Dataset excerpts
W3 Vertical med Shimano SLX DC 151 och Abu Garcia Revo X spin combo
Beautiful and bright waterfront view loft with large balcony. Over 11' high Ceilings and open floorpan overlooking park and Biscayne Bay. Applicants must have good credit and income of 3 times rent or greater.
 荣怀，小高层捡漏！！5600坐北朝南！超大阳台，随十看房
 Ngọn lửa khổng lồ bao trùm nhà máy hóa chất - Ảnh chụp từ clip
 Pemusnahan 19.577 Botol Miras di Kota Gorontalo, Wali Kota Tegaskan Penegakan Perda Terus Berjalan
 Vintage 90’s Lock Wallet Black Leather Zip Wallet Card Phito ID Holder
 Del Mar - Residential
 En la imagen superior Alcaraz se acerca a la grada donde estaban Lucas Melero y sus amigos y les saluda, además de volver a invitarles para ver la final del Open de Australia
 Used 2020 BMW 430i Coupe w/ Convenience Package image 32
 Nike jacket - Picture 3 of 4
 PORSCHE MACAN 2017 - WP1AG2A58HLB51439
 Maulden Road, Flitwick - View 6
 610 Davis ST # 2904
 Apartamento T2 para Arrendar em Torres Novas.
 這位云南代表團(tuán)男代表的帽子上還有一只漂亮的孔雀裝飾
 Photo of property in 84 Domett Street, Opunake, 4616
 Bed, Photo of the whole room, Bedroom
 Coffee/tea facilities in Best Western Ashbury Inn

YOUR INSTRUCTIONS: Would you output every record above exactly as it stands?

SOLUTION:
W3 Vertical med Shimano SLX DC 151 och Abu Garcia Revo X spin combo
Beautiful and bright waterfront view loft with large balcony. Over 11' high Ceilings and open floorpan overlooking park and Biscayne Bay. Applicants must have good credit and income of 3 times rent or greater.
 荣怀，小高层捡漏！！5600坐北朝南！超大阳台，随十看房
 Ngọn lửa khổng lồ bao trùm nhà máy hóa chất - Ảnh chụp từ clip
 Pemusnahan 19.577 Botol Miras di Kota Gorontalo, Wali Kota Tegaskan Penegakan Perda Terus Berjalan
 Vintage 90’s Lock Wallet Black Leather Zip Wallet Card Phito ID Holder
 Del Mar - Residential
 En la imagen superior Alcaraz se acerca a la grada donde estaban Lucas Melero y sus amigos y les saluda, además de volver a invitarles para ver la final del Open de Australia
 Used 2020 BMW 430i Coupe w/ Convenience Package image 32
 Nike jacket - Picture 3 of 4
 PORSCHE MACAN 2017 - WP1AG2A58HLB51439
 Maulden Road, Flitwick - View 6
 610 Davis ST # 2904
 Apartamento T2 para Arrendar em Torres Novas.
 這位云南代表團(tuán)男代表的帽子上還有一只漂亮的孔雀裝飾
 Photo of property in 84 Domett Street, Opunake, 4616
 Bed, Photo of the whole room, Bedroom
 Coffee/tea facilities in Best Western Ashbury Inn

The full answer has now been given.